WORK TASK — Filter the entries for the word "Short". Copy each line in which it occurs.

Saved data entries
******************************

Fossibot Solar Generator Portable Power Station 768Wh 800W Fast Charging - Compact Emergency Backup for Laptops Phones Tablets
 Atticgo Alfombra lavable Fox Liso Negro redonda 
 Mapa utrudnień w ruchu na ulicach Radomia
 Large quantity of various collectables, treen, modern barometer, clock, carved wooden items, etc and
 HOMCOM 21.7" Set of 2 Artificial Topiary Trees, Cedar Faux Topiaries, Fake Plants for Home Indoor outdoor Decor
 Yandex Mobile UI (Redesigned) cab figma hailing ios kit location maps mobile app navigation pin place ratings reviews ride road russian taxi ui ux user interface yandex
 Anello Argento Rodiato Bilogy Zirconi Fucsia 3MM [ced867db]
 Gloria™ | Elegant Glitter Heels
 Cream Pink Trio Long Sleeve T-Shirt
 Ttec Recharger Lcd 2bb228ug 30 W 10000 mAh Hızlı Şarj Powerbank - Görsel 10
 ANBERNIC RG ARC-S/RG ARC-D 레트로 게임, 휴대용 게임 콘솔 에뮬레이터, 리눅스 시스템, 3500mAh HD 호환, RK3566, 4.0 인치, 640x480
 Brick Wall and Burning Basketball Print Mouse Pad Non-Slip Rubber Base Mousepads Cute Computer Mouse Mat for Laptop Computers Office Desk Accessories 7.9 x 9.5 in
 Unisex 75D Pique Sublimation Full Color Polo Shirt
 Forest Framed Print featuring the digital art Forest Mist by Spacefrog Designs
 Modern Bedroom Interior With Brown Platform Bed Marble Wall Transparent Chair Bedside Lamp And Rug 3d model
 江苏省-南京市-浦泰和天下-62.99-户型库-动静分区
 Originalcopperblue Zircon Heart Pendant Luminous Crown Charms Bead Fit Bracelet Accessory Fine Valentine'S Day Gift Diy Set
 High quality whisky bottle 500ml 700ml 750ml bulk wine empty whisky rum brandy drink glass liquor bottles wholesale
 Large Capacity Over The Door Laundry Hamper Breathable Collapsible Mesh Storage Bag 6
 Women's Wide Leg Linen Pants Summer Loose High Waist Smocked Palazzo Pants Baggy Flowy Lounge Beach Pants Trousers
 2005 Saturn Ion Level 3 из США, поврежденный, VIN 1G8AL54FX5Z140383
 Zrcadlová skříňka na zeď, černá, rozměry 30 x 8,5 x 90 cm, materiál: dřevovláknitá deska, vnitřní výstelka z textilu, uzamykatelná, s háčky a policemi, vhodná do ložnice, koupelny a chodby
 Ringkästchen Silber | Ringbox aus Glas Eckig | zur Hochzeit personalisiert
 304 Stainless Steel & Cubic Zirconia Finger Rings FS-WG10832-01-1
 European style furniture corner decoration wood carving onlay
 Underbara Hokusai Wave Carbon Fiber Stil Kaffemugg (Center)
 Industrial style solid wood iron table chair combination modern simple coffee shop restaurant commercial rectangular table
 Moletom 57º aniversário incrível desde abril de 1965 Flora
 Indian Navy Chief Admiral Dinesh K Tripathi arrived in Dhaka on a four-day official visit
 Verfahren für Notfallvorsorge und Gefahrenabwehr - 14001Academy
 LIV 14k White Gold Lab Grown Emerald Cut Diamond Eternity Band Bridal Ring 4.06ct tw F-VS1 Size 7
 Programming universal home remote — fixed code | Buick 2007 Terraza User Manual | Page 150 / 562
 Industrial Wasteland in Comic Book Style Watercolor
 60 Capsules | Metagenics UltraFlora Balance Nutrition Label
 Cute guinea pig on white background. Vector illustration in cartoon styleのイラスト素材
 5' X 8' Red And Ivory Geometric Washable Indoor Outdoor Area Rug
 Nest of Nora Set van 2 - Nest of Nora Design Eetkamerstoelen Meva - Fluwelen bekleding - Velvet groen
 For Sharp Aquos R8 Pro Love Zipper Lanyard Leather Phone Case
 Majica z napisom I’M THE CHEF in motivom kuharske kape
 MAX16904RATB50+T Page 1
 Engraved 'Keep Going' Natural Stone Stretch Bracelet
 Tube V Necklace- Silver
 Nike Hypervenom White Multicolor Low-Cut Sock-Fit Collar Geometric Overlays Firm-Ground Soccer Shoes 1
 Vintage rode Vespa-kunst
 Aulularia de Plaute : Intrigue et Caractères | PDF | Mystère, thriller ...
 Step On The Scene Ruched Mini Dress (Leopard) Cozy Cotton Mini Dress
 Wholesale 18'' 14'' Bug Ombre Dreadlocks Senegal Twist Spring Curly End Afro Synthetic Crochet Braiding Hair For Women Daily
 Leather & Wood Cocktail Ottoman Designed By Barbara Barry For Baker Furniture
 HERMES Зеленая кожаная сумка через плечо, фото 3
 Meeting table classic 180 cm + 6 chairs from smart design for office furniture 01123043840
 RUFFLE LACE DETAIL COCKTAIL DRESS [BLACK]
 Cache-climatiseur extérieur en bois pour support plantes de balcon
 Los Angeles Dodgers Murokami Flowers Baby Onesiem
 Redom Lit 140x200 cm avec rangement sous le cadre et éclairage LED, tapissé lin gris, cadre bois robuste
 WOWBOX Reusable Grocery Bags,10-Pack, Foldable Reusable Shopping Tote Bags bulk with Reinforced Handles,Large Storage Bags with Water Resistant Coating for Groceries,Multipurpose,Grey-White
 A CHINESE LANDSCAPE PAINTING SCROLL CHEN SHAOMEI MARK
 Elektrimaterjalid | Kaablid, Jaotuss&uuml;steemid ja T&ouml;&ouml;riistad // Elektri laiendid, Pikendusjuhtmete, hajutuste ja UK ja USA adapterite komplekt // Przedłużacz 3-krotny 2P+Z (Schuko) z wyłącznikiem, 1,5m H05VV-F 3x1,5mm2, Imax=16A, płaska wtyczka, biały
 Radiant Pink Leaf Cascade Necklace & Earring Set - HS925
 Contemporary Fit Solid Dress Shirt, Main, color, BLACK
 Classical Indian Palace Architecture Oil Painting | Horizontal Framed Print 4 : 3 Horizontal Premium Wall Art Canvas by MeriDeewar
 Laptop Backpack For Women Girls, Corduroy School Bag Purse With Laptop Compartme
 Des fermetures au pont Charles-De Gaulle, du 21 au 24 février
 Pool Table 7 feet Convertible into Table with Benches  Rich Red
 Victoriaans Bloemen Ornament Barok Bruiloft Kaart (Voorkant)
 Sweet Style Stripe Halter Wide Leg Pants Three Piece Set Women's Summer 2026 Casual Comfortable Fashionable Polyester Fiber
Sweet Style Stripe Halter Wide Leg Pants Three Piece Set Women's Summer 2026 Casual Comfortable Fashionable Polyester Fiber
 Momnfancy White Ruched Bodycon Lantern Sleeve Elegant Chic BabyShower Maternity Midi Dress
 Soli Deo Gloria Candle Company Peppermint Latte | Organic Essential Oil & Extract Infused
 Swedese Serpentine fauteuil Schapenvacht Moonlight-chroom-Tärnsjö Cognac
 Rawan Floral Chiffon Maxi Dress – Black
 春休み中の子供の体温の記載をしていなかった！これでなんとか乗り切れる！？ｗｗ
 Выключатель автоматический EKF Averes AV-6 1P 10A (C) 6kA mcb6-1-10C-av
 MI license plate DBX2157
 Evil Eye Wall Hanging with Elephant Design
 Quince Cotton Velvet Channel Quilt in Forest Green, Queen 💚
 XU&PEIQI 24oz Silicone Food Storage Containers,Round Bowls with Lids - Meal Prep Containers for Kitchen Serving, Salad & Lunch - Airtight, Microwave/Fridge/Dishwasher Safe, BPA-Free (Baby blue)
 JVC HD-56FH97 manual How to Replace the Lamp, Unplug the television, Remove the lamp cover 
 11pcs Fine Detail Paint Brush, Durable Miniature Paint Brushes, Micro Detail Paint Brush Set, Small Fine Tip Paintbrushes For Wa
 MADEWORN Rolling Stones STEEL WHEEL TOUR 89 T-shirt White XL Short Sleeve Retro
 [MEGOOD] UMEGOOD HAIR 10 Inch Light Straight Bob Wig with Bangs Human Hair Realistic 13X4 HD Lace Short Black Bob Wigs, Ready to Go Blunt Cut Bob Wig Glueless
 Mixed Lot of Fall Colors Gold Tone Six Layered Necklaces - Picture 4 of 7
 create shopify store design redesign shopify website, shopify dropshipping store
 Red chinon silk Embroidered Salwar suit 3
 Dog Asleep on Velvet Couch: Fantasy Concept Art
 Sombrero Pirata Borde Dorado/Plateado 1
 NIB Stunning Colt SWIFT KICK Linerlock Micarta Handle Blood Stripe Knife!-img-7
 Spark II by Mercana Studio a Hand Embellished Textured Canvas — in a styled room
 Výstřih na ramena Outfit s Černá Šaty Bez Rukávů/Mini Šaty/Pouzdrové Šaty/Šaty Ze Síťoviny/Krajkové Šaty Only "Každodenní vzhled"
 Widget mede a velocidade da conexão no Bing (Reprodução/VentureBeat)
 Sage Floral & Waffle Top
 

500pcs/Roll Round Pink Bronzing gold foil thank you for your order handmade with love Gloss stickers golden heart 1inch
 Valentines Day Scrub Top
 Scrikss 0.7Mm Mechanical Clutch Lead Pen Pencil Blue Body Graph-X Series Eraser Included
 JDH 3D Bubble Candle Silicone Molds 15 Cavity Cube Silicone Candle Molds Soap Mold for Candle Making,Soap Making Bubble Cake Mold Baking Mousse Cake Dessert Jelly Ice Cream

******************************

WRITTEN RESPONSE —
 MADEWORN Rolling Stones STEEL WHEEL TOUR 89 T-shirt White XL Short Sleeve Retro
 [MEGOOD] UMEGOOD HAIR 10 Inch Light Straight Bob Wig with Bangs Human Hair Realistic 13X4 HD Lace Short Black Bob Wigs, Ready to Go Blunt Cut Bob Wig Glueless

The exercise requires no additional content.